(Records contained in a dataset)
■ ■ ■
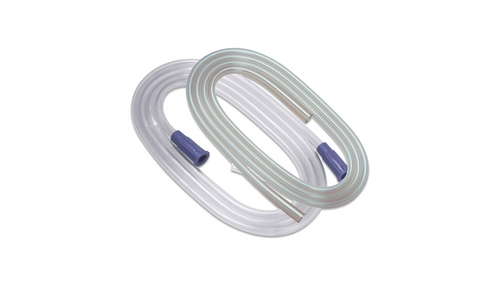 Argyle Connecting tube with moulded connectors, 6mm x 1.8m, EACH (Sold as an each can be purchased as a Box/50)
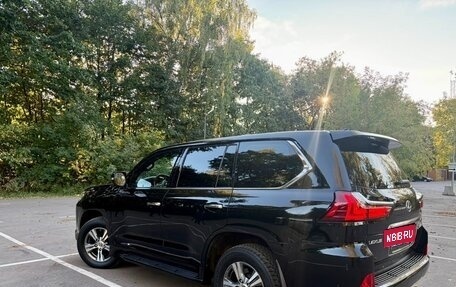 Lexus LX III, 2021 год, 11 500 000 рублей, 6 фотография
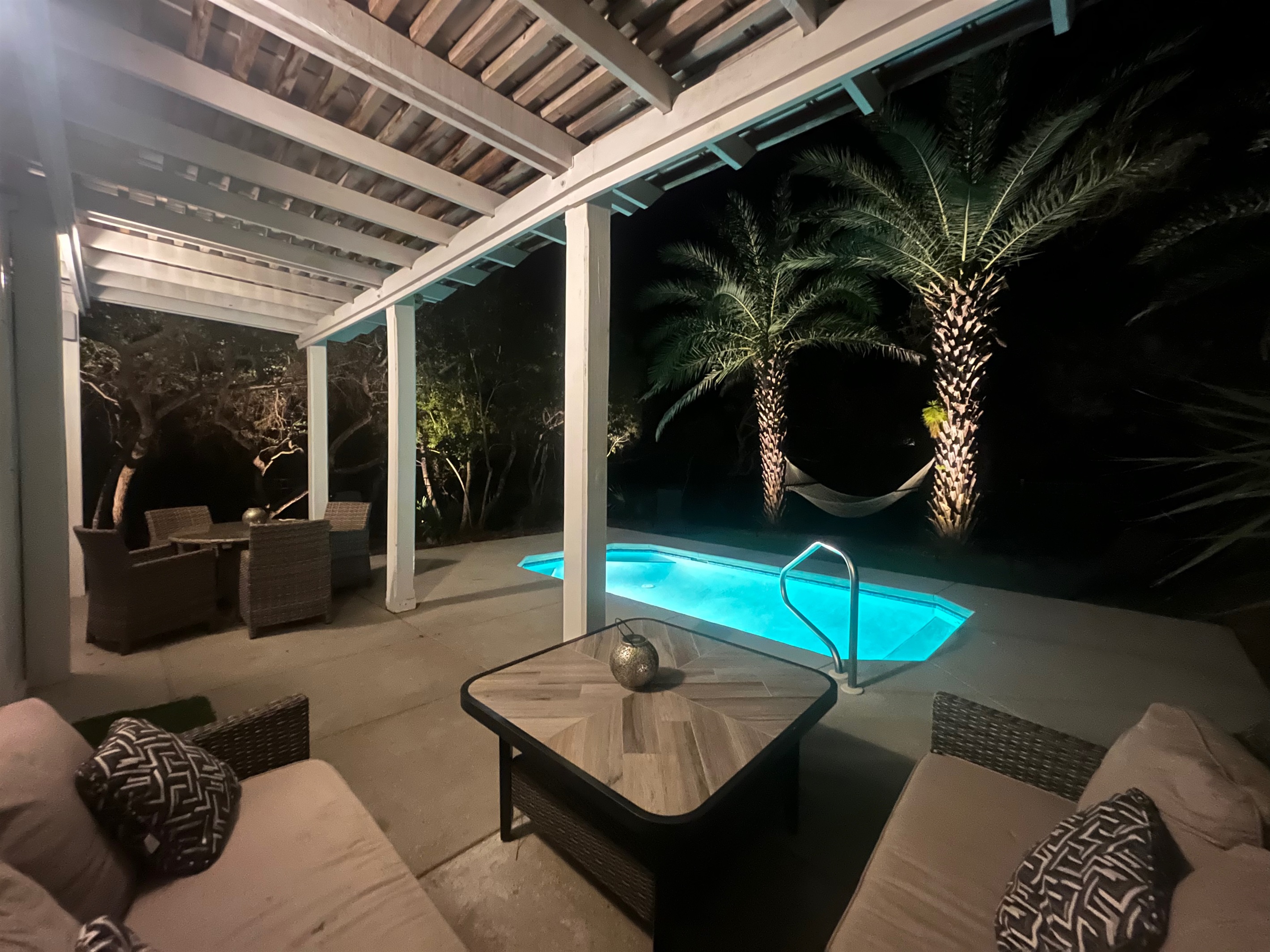 Enjoy resting with the ones you love at your new happy place on 30A.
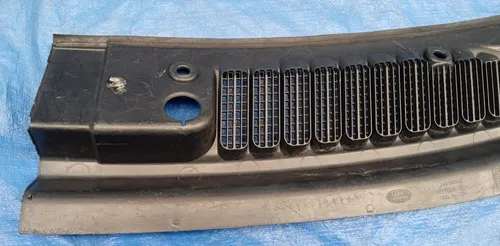 Grade Esquerda Churrasqueira Freelander 1 2001 - 2005 Preto Fosco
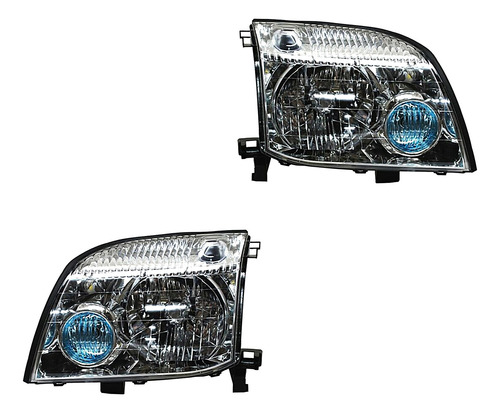 Par Faros Xtrail 2002 2003 2004 2005 2006 2007 Tyc Bsj
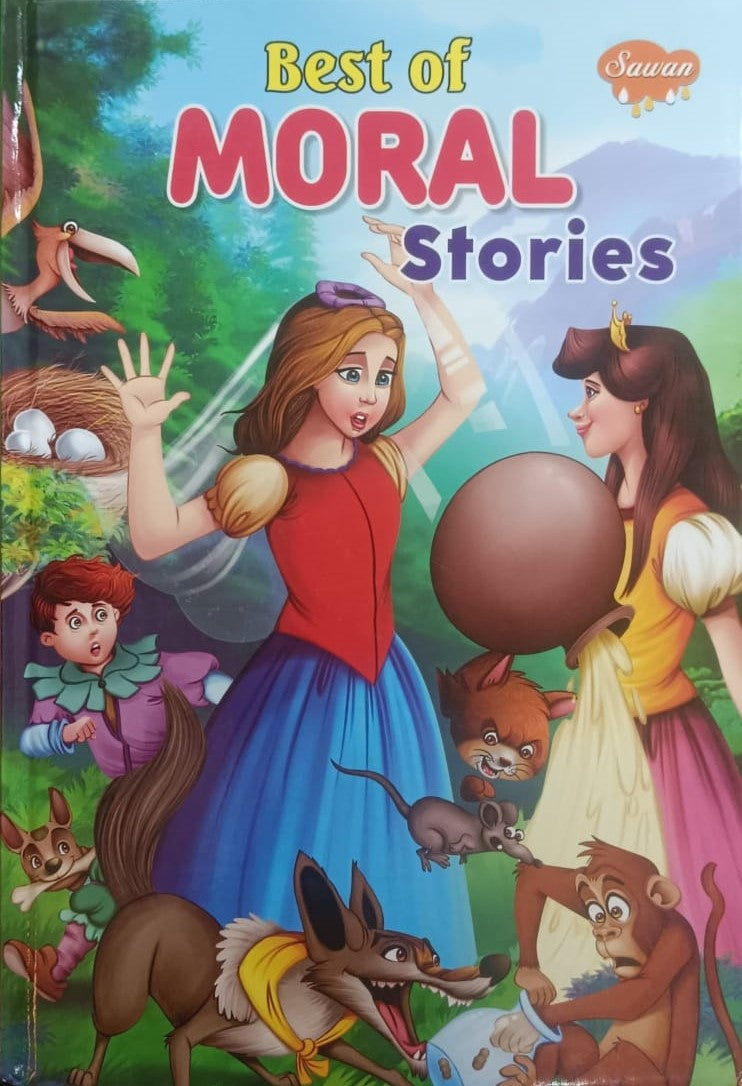 Best of Moral Stories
■ ■ ■
YOUR TASK
The answer must consist only of the lines from the beginning of the entries above through the line that holds "Enjoy resting with", reproduced exactly and without pictures.

TASK RESPONSE
 Argyle Connecting tube with moulded connectors, 6mm x 1.8m, EACH (Sold as an each can be purchased as a Box/50)
 Lexus LX III, 2021 год, 11 500 000 рублей, 6 фотография
 Enjoy resting with the ones you love at your new happy place on 30A.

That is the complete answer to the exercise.